Egyptian 20-year-old female soccer star 'bends it like Beckham'

Sarah Essam, who plays in the Stoke City FC Women, is the first Arab woman playing professional soccer in Europe.

Egyptian soccer star playing for Liverpool, Mohamed Salah (photo credit: PHIL NOBLE/REUTERS)
Egyptian soccer star playing for Liverpool, Mohamed Salah
(photo credit: PHIL NOBLE/REUTERS)
At the beginning of the 2000s, when the English rom-com Bend it like Beckham brought women soccer and young female athletes’ dreams under the spotlight, Sarah Essam was a toddler.
Now, the 20-year-old Egyptian is breaking grounds as the first Arab woman playing professional soccer in Europe and presenting her own version of the fairy tale starring a 17-year-old Keira Knightley.
Essam, an avid soccer enthusiast since childhood, currently plays in the Stoke City FC Women. Last year she concluded the English Women’s National League season as the top scorer.
“It was so difficult at the beginning, maybe because some of the teams I played against didn’t have any Egyptians or Arabs. I’d explain that we don’t actually ride camels to work or walk like pharaohs,” Essam told the UAE paper The National. “But I started to show my character more, worked harder and fit into the team because success comes from communication and teamwork. We had to understand each other to work better together.”

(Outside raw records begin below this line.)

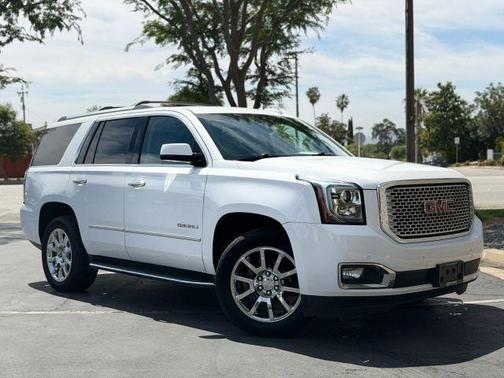White 2016 GMC Yukon Denali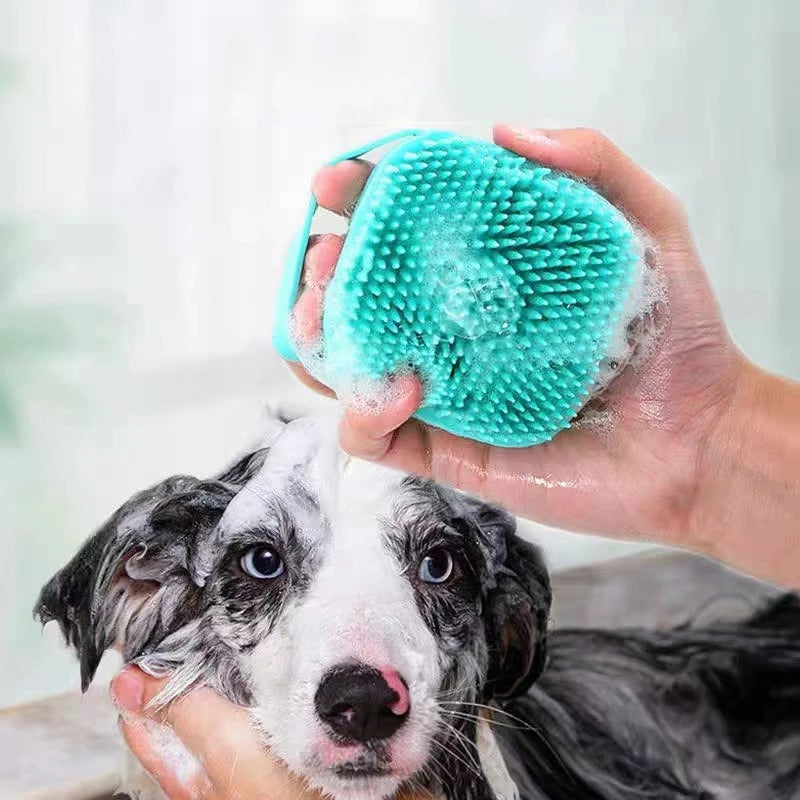 Brosse-de-Nettoyage-et-Distributeur-De-Shampoing-en-Silicone-فرشاة-الحمام-من-السيليكون.png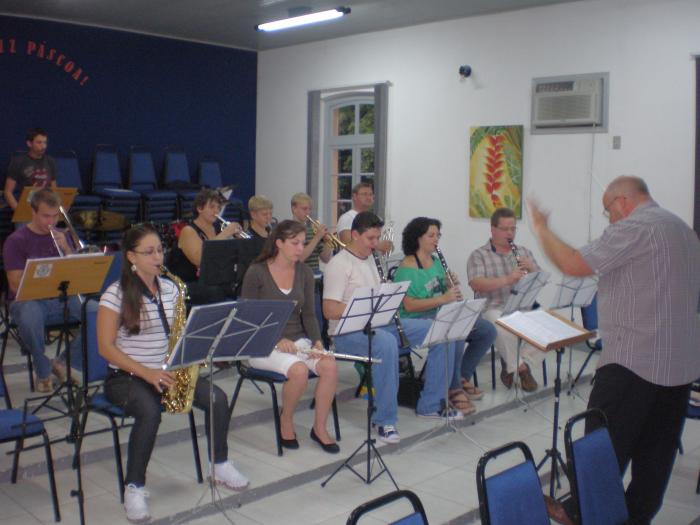 Read more about the article Professores e alunos da Escola de Música Jazz Band Elite participaram de workshop gratuito com maestro alemão do Femusc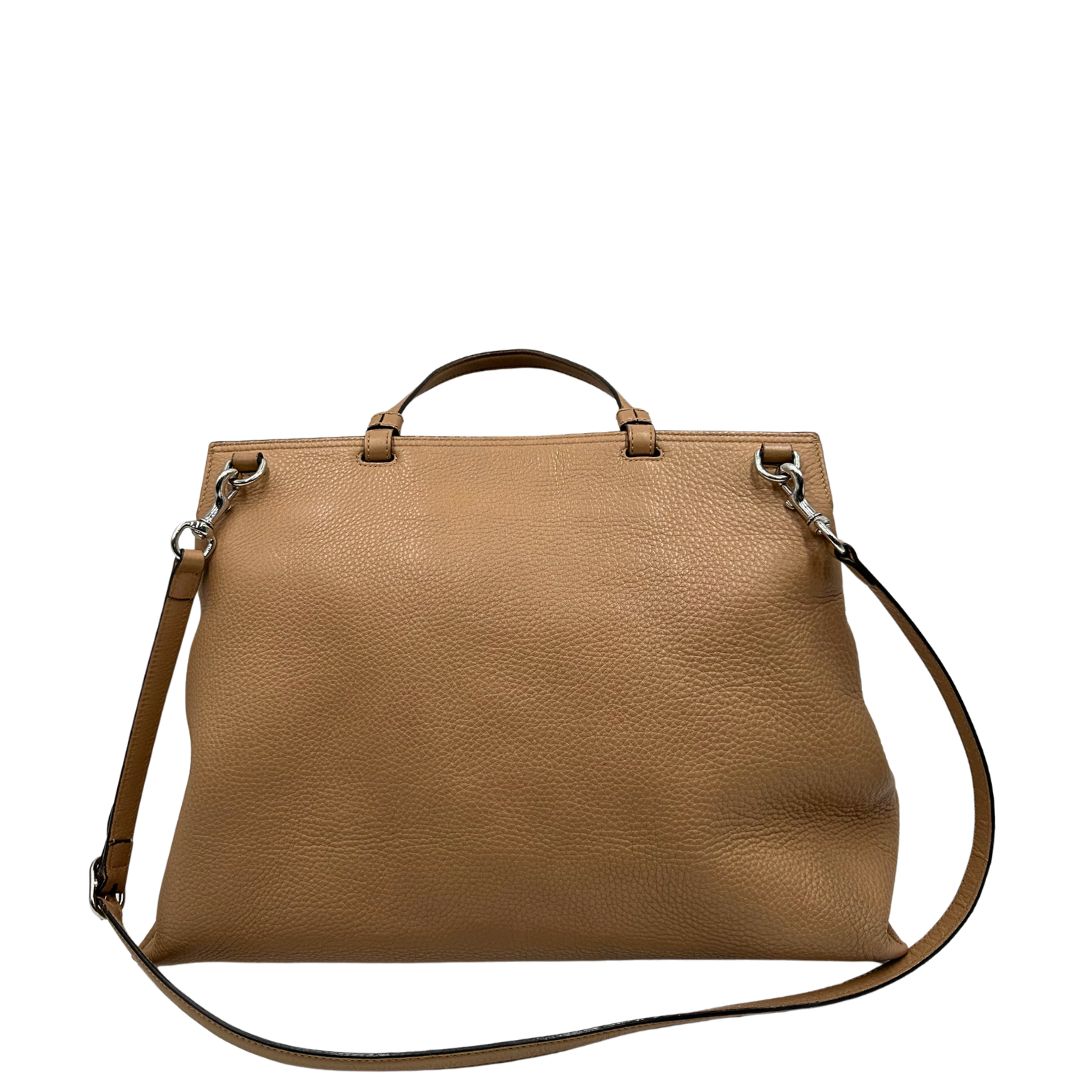 retro Morbida Gucci pelle beige con dettaglio bamboo sulla chiusura, di lusso, originale, ottime condizioni, usata. 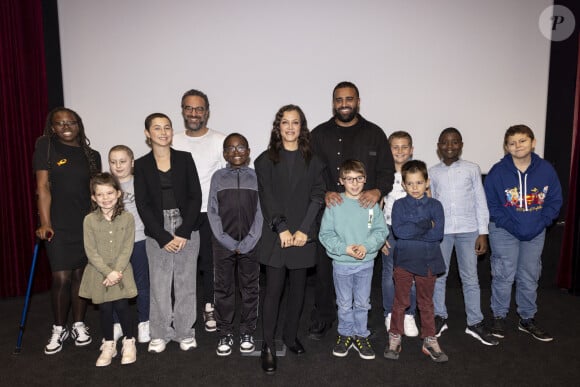 Exclusif - Camille Lellouche et son agent Faycal Yahia Berrouiguet (co-auteur de la chanson du clip) - Lancement du clip de l'Association Laurette Fugain au cinéma Mac Mahon à Paris, FRance, le 15 octobre 2024. Film "Je garde le sourire" réalisé par P.Noguéras. © Manuelle Toussaint via Bestimage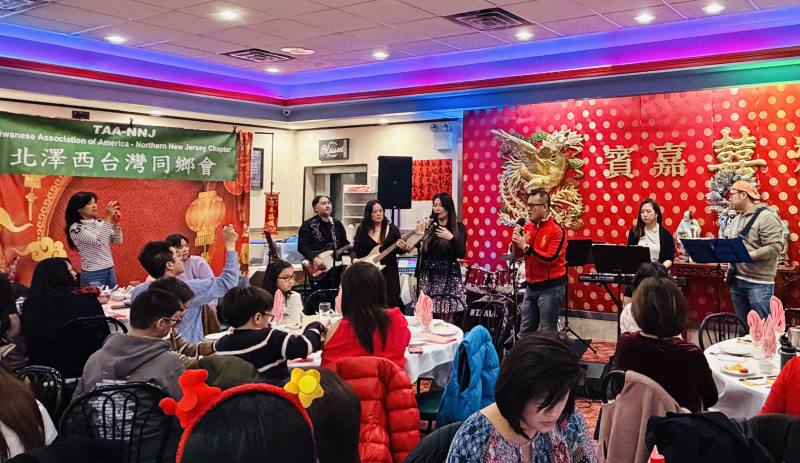 振天君樂團於「馬上有錢—新春大尾牙」現場演唱，氣氛熱烈，掌聲不斷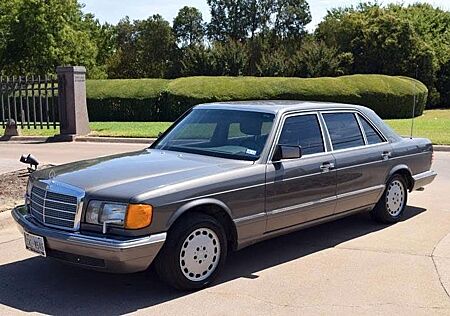 Mercedes-Benz 560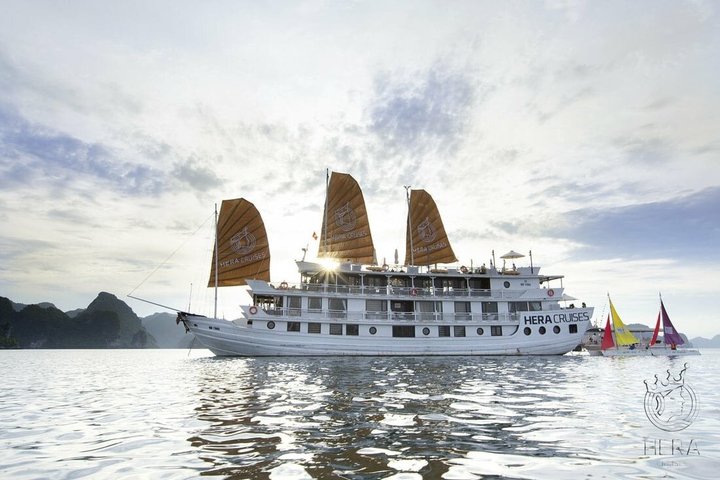 Ha Long Bay 3D2N Premium Cruise Experience from Hanoi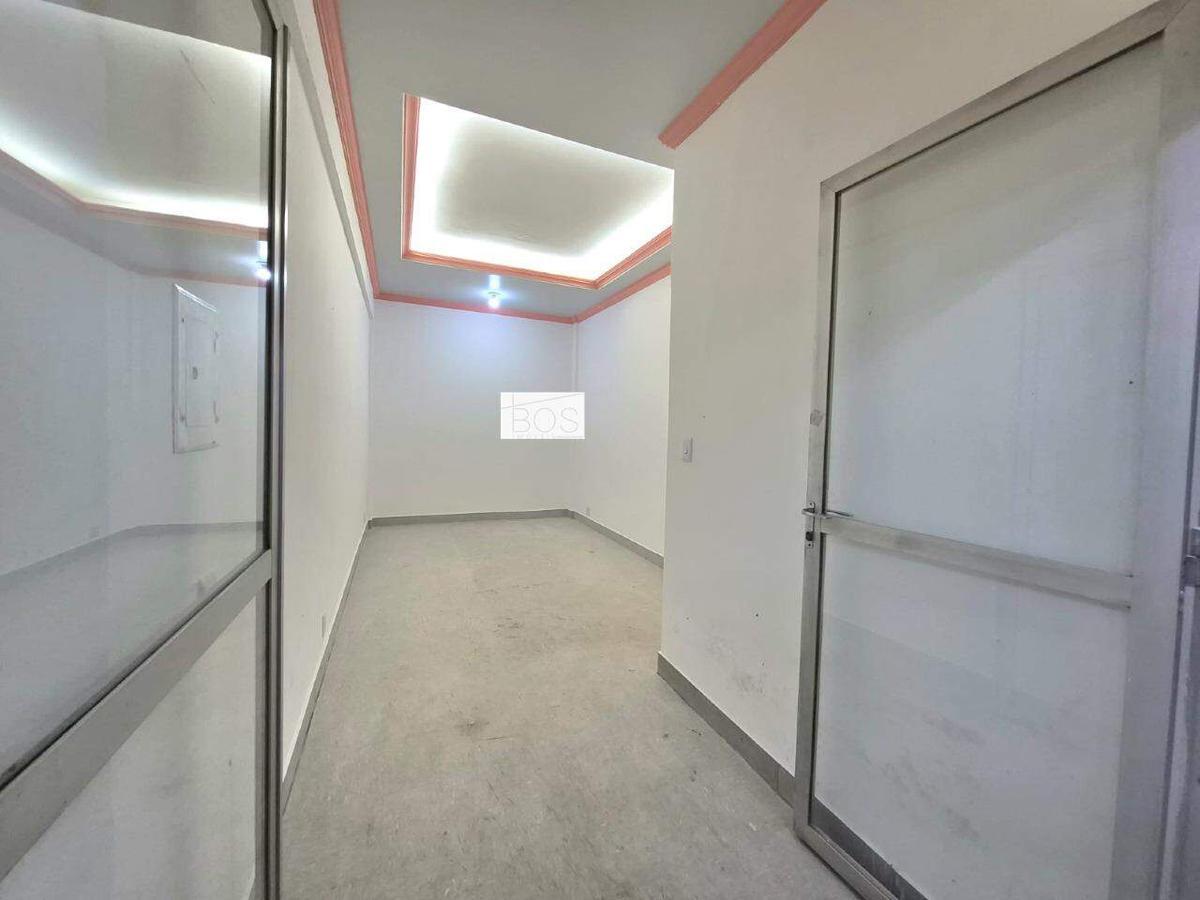 Andar, Savassi, 0 Quarto, 0 Vaga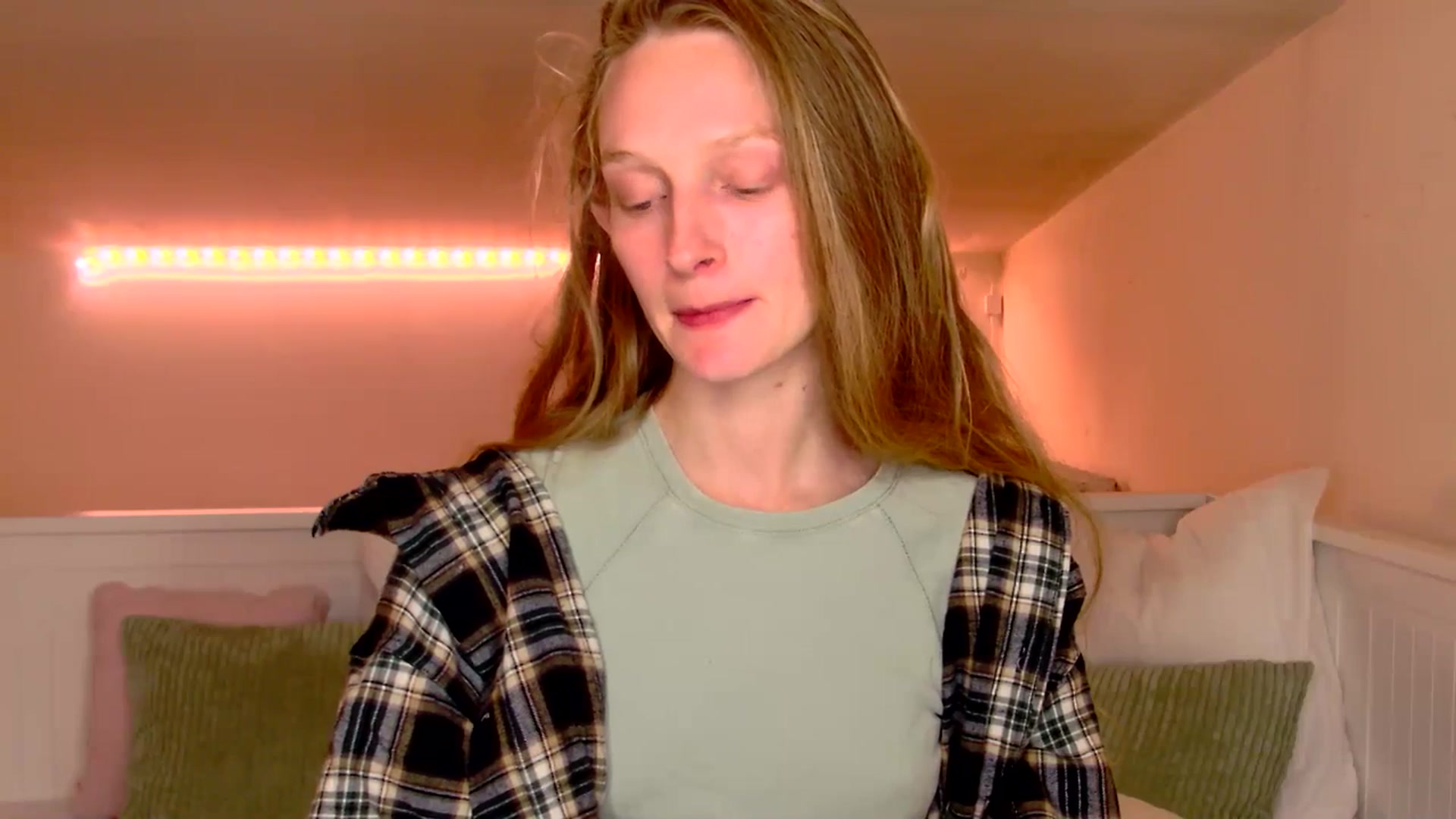 Gallery image thumbnail from Kinkywander's myfreecams stream on, 05/24/2025, 19:03 image 10 of 20
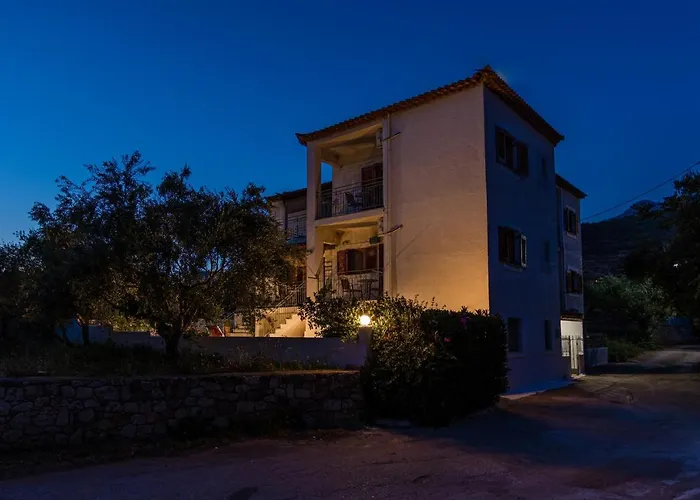 Apart-hotel Lefkis & Stoúpa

Essam explained to The National that she would seize every opportunity to play growing up, but it was not easy.
“Honestly, this is known as only a man’s game by many people,” Essam said. “It was taboo and all I knew was that I needed to do this to inspire others and reach my goals.”
However, she overcame every obstacle, including being excluded by the national team, which would take part in the 2016 Africa Women Cup of Nations.
“Being dropped just one day before the start of the tournament – after I played two years for my country in the U17 World Cup qualifications, and then becoming one of the youngest players to be picked for the national team – was heartbreaking,” she said.
The turning point was the moment when she decided to move to the UK to pursue an engineering degree, and a career in soccer, literally approaching different clubs out of the blue until she found the right opportunity – and chemistry, she highlighted – with Stoke City.
“I’m always so proud to represent Egyptian women’s football in the UK and [to pave a path] for the next young female athletes in Egypt,” Essam said.
Nor surprisingly, her hero is the Egyptian champion and Liverpool soccer star Mohamed Salah.
Salah is so beloved in his home country that he came in second place in the Egyptian presidential elections last year and received over a million votes despite not being on the ballot.
At times, he has made headlines for refusing to shake hands with Israeli players at the end of games.